▶

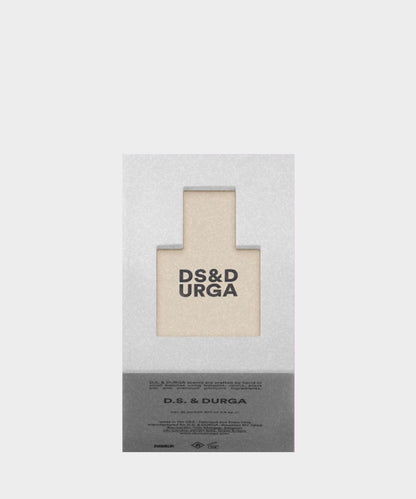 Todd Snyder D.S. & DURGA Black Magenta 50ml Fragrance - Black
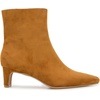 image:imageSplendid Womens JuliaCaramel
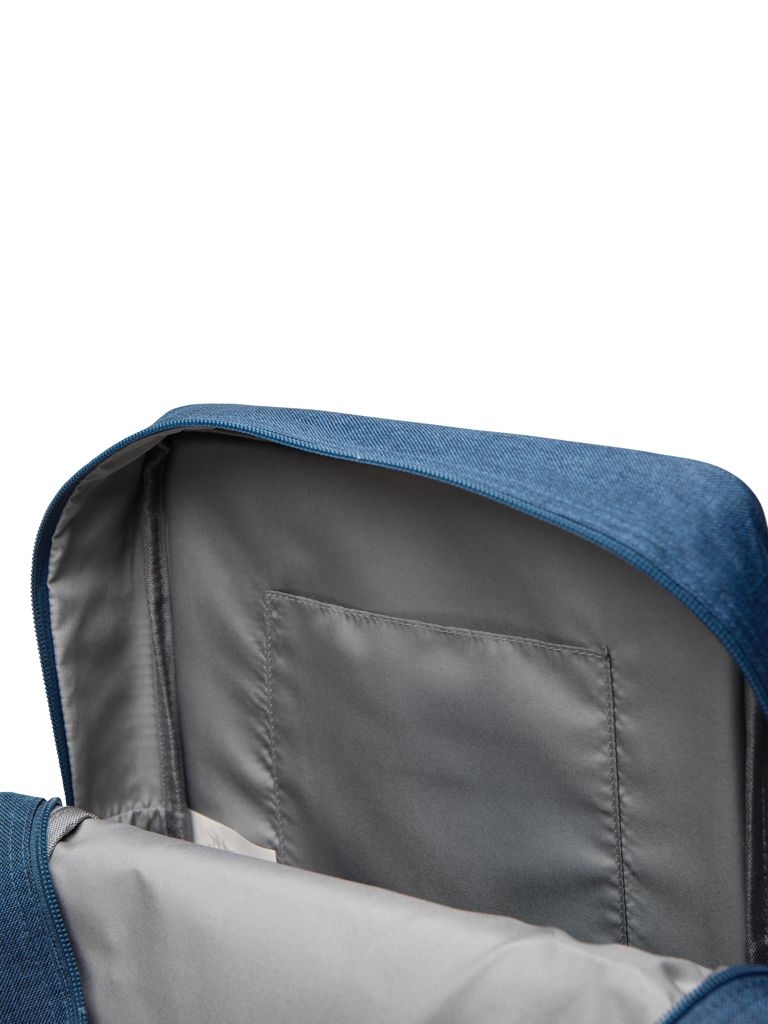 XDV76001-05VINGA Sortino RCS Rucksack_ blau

◀

Beginning with the line containing "image:imageSplendid Womens JuliaCaramel" and ending with the last line of the data, output those lines exactly and nothing more. Omit every picture.

 image:imageSplendid Womens JuliaCaramel
 XDV76001-05VINGA Sortino RCS Rucksack_ blau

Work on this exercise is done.